NVIDIA SANA-WM: An Open-Source World Model with 2.6B Parameters That Generates Up-to-One-Minute 720p Videos on a Single GPU

The video generation field just dropped another bomb—but this time, it’s not from a closed-source startup. It’s from NVIDIA—and it’s open source.

SANA-WM is a 2.6B-parameter world model that generates controllable 720p videos up to one minute long—using only a single image plus a camera trajectory—on a single GPU. On Hacker News, it scored 312 points and sparked 128 discussions—the rare level of engagement for an AI video-generation topic on the HN front page.

What the Numbers Mean

Let’s look at several key figures:

2.6B parameters: This qualifies as “lightweight” among video generation models. For comparison, some industrial-grade video models have parameter counts reaching 10B or more.
Trained for 15 days on 64 H100s: Training cost remains within a manageable range—unlike projects requiring thousands of accelerator cards.
Inference on a single H100: Generating a one-minute 720p video requires only one GPU.
34 seconds on an RTX 5090: With distillation + NVFP4 quantization, even a consumer-tier flagship GPU can denoise a full 60-second 720p video in just 34 seconds.

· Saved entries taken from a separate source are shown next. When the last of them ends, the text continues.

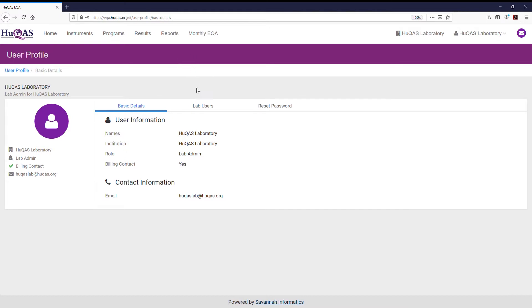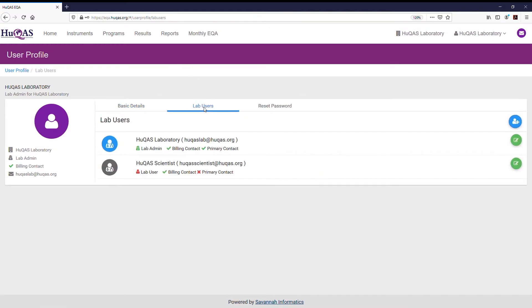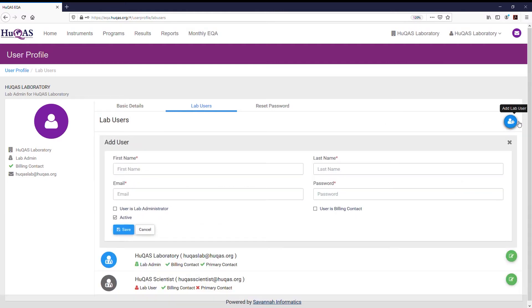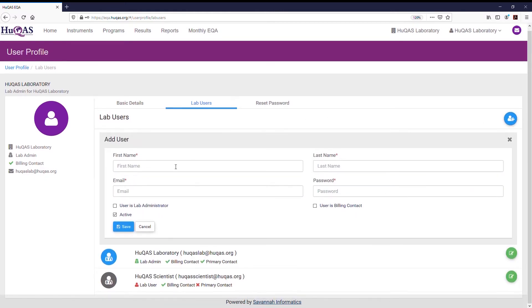To add a new user, select the blue circular button on the right to reveal a form. Fill the form appropriately, then save to complete the process.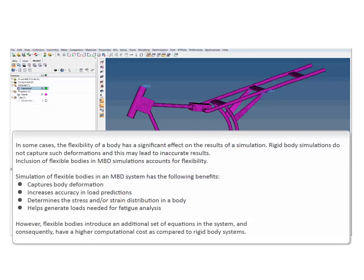Why is the frame modeled as a flex body at all? In some cases, the flexibility of a body has a significant effect on the results of a simulation. Rigid body simulations do not capture such deformations and this may lead to inaccurate results.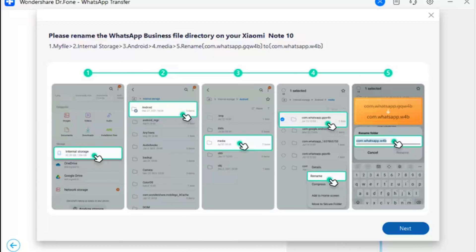Step 16: Change the file directory name. It is important to rename a WhatsApp Business directory within your Android device for the successful restoration of the backup file. Open the File Manager of your Android and navigate to Internal Storage > Android > Media > com.whatsapp.gpw4b. Change the name of the directory to com.whatsapp.w4b, then tap Next on your computer.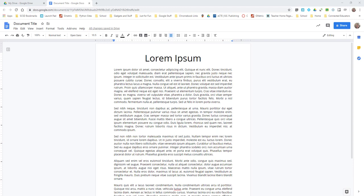Okay, so for those of you that are having to turn in Google Docs through Canvas, here is another way for you to share a Google Doc with your teacher and still get it turned in in Canvas.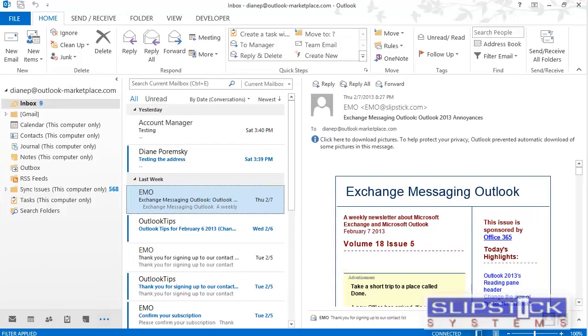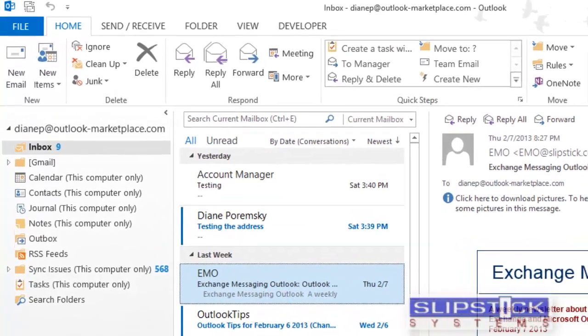In this tutorial, I'm going to show you how to add a new PST file to your profile, and then create a quick step to create a task in the new task folders.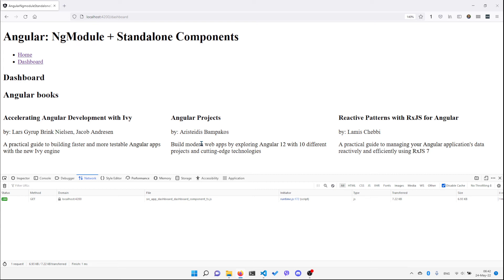This way you can start using standalone components today — you don't have to migrate your whole application at once. You can start by migrating just a route or just a component to use standalone components, and refactor your application as you go. I hope you found this video helpful. Subscribe to my YouTube channel, like this video, see you in the next one!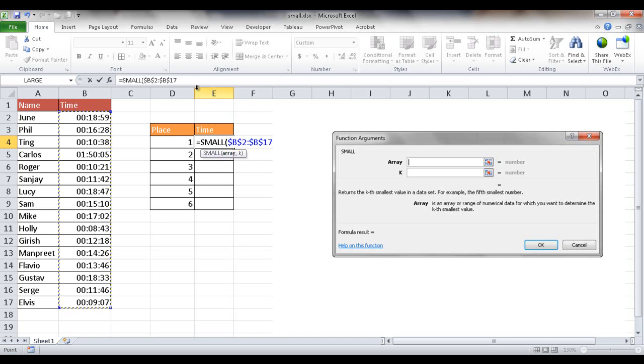It's called an absolute cell reference. So the second argument I'm going to put in is the k value. So I can either type 1 and then go to the next one and type 2 and 3 and 4,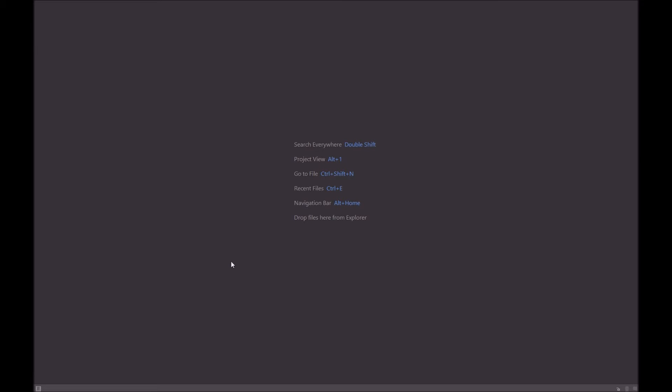Hi guys, I'm Reval. Welcome back to this PHP Storm series. This is video two. Today what we're going to be doing is looking at what's called the switcher.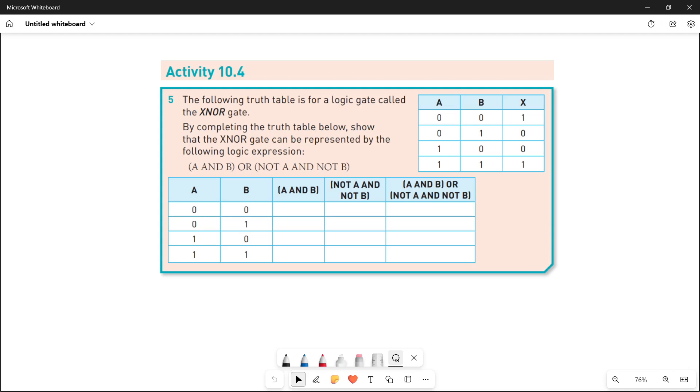Assalamu alaikum students, this is Farwa Batool, your O level computer science instructor. Welcome to another video. Here we are going to do question number five of activity 10.4.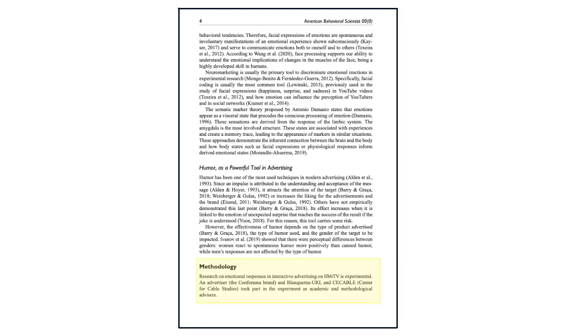Researchers describe their methodology not only to connect it to their overall research question, but so that other researchers down the road could potentially recreate their study.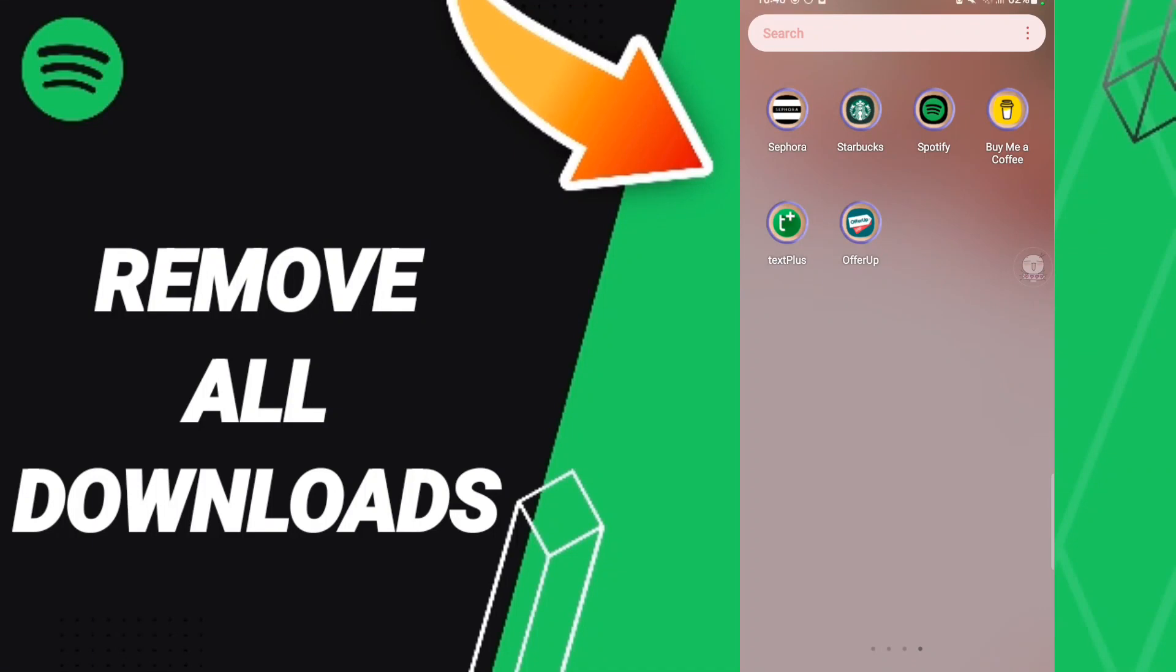Hi everyone, today we'll talk about how to remove all downloads on the Spotify application. To remove all downloads on Spotify, you should just go to the Spotify app as you see.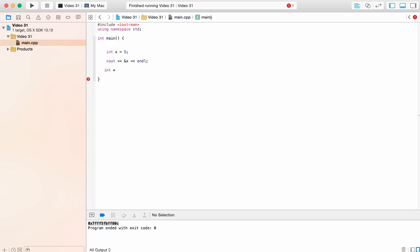If we're going to call this the variable lemming, we're going to put an asterisk right before it. This is going to mean that it's a pointer. I'm going to end that off with a semicolon as well. We have the pointer lemming with the asterisk before it.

Together, these numbers send a clear message: high-quality video generation is shifting from “cloud-only” to “locally runnable.”

Architectural Innovation: Hybrid Linear Attention

SANA-WM achieves this capability thanks to its architectural design.

Traditional Transformers rely on full softmax attention, whose memory and compute requirements scale quadratically with sequence length. For a one-minute video (e.g., 30 fps → 1800 frames), full attention becomes infeasible—NVIDIA explicitly states in its paper that the all-softmax approach runs out of memory (OOM) at the 60-second mark.

SANA-WM’s solution is called Hybrid Linear Attention: it combines frame-wise Gated DeltaNet with periodic softmax attention. Gated DeltaNet efficiently maintains long-term state, while periodic softmax performs fine-grained attention computation at critical moments.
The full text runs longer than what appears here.